I don't think that can be true either. PMTU can vary and paths can be
asymmetric so two nodes could very well see different MTUs across the
internet. There's just not many ASen that run with less than 1500 MTU :)

Do you have a referece for this "MTU well-definedness" criteria, I don't
think I ever heard of this.

> > There is a way: My routing protocol just has to stop picking links that are
> > obviously going to cause a problem.
> 
> Could you please describe the problem in detail?  Because I'm probably
> missing something.

Let me try to give some more context:

My mesh network deploys two wg tunnels per node. One wg-over-v6 and one
wg-over-v4 tunnel to support dualstack, v4-only and v6-only underlay
networks.

Nodes run babel over all wg interfaces and will receive a default route
covering the wg-over-v6 tunnel endpoint addresses. Some nodes are served by
IPv6 routers that are themselves part of the wg mesh network and only have
v6 connectivity via wg-over-v4.

This can cause wg-over-v6 tunnels on such nodes to want to cross a
wg-over-v4 tunnel.

All wg interfaces have MTU 1420 configured which is the worst case for
wg-over-v6 or v4 (with MTU 1500).
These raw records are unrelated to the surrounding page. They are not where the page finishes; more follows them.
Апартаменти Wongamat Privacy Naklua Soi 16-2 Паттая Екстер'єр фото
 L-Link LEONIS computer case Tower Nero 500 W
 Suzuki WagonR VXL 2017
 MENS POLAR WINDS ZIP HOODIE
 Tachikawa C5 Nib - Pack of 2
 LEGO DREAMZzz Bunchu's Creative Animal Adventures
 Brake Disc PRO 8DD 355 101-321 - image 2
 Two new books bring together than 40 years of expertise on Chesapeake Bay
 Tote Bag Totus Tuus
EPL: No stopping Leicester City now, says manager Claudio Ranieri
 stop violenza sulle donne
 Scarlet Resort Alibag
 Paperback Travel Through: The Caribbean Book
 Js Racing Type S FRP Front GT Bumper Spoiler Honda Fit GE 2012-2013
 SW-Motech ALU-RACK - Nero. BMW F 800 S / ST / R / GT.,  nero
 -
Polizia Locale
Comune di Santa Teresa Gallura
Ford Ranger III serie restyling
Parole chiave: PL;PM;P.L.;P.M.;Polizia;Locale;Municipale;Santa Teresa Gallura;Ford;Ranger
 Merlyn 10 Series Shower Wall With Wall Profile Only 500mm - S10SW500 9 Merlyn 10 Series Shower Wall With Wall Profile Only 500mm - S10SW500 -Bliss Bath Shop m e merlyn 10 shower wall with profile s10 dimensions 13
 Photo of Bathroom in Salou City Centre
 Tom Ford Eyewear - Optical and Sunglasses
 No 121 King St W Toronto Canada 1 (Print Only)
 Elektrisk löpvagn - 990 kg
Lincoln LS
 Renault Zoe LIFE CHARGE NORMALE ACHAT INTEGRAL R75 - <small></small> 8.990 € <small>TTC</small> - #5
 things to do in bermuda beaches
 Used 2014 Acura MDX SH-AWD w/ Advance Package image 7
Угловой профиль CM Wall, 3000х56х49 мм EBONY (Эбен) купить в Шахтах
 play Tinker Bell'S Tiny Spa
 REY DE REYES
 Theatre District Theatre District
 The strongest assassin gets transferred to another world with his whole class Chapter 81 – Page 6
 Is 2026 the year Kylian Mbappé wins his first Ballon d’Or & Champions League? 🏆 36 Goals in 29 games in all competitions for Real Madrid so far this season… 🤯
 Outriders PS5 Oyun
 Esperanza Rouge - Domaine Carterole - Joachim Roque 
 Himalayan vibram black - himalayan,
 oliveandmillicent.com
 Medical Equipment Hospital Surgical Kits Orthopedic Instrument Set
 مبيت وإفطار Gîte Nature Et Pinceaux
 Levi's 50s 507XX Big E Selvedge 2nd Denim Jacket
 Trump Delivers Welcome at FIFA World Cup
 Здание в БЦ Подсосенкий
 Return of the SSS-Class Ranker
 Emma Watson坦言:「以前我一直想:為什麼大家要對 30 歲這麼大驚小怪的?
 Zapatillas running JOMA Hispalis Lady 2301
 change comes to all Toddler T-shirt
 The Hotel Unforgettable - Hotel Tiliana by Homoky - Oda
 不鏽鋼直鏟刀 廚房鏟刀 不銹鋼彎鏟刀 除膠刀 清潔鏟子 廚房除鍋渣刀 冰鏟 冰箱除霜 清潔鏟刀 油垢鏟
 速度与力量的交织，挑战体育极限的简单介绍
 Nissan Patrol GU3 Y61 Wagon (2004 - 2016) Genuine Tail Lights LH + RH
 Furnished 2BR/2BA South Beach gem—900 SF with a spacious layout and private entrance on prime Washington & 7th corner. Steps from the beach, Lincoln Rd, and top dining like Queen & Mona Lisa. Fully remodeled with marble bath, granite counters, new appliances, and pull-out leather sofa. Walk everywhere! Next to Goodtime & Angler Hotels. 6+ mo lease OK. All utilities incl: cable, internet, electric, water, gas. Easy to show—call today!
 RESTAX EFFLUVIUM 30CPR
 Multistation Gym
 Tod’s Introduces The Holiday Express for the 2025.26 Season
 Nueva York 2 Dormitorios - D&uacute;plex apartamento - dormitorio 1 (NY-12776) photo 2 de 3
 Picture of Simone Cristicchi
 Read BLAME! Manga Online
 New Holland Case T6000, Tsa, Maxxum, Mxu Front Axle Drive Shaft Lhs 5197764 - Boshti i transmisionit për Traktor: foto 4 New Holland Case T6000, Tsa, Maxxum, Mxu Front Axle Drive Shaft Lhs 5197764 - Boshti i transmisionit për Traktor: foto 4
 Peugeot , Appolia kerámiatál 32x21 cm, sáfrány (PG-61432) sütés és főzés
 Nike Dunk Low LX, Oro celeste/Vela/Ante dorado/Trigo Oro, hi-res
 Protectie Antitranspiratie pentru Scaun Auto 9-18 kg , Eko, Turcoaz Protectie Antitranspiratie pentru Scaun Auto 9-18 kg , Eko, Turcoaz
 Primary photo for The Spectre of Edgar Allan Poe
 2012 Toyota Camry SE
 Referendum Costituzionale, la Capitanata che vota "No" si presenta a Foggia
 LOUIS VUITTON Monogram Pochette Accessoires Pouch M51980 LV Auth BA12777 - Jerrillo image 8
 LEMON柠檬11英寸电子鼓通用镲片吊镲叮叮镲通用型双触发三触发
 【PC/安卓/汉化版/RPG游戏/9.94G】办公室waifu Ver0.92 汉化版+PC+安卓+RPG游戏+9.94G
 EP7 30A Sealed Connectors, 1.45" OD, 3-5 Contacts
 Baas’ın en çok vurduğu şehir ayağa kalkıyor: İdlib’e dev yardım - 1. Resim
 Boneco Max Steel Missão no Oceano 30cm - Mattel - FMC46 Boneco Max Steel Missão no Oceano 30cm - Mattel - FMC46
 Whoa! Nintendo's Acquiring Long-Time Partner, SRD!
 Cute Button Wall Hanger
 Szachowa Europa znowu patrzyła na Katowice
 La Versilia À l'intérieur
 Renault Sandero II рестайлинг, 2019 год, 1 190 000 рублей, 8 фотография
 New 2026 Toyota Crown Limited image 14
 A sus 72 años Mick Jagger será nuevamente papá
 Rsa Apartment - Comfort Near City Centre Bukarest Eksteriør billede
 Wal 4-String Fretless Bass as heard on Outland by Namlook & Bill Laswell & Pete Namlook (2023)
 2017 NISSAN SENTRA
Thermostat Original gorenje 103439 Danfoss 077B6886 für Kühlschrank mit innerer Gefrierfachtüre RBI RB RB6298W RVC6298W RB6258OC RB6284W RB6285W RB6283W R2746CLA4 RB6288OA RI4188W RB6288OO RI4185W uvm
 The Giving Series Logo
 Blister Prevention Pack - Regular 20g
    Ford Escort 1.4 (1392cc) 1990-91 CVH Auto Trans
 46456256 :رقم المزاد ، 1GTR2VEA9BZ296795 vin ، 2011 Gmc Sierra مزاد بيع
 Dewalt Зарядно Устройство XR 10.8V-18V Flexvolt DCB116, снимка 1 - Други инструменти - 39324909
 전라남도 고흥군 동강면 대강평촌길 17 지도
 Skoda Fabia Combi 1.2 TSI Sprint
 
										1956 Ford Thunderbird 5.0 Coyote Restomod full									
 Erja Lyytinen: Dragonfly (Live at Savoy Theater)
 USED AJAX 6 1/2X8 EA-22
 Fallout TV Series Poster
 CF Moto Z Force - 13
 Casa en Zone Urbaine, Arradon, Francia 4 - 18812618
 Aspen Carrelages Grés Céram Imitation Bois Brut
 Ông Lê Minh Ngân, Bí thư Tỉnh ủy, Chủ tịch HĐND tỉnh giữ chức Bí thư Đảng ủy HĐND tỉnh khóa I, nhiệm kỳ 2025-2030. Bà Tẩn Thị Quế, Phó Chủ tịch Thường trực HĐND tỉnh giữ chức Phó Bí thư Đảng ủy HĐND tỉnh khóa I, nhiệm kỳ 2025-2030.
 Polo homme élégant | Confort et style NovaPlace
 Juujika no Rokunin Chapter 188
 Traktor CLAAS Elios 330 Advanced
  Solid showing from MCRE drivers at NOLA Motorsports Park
In the wg-over-wg-over-v4 case this
results in packets that are too big for the v4 underlay network
(1420+80+60=1560).

Wireguard drops packets when they exceed the underlay network's MTU. When
this happens no PTB ICMP errors are generated by wireguard inside the
tunnel, packets are simply dropped and TCP applications running on the
overlay IPv6 network break badly as no ICMP errors reach the sender.

This can be avoided by simply ignoring the wg-over-v6 tunnel which only
exists for deployment consistency as a wg-over-v4 tunnel with (actual) 1440
MTU is available too which can reach the entire network.

Worth mentioning: The reason I have to run two wg tunnels per node to begin
with is that wireguard's strategy for dual-stack support is that it doesn't
have one. It supports only one endpoint address per tunnel (well wg-peer
really) and if you pick wrong because, say, IPv6 addresses are available
but dont work, the tunnel simply blackholes everything. Yey, joy is me.

> If Wireguard implements RFC 4459 Section 3.2, then pushing a too large
> packet over the tunnel, then Wireguard should synthesise an ICMP "packet
> too large", which will cause the sender to retry with a smaller packet.
> Is that not the case?

Yeah, having wg forward PTB errors from the underlay to inside the tunnel
was something I considered for fixing this but I belive that would be
called "insecure" by the wg project since the ICMP erros aren't signed like
normal wireguard packets. So what happens when an attacker sends spoofed
PTB with MTU=0 etc. ;)

Furthermore on IPv4 which unfortunately is the underlay in my network more
often than not ICMP blackholes are very common so breakage would could
ensue again.

This really is just putting lipstick on a pig. It would "work" I suppose
but I don't want my network to use these paths because the double
encapsulation is just plain inefficient!

Prune thy inefficient paths I say :]

> I'm not opposed to your probing idea, but I'd really prefer to fully
> understand the problem first.

Sure thing, I'm not opposed to working the problem. I've just been dealing
with this problem (and ducktape "solutions" surrounding it) for a while now
and I just want to get this squared away so I can go back to my (mostly)
IPv6-only bliss :D

I think RFC4459 simply didn't consider L3 routing protocol based
solutions. Probably since the usual network vendor suspects would never
implementing something uncouth like this but we need not be constrained by
the inefficiencies of the commercial world in the free software community,
now do we :)

Speaking of which I'm working on a babeld patch to see if my idea
works. Just have to dig through the kernel code first to figure out which
one of the amazingly (badly) named IP_PMTUDISC_* options I want to use to
force it to neither do fragmentation nor attempt PMTU for the babel socket.

Thanks,
--Daniel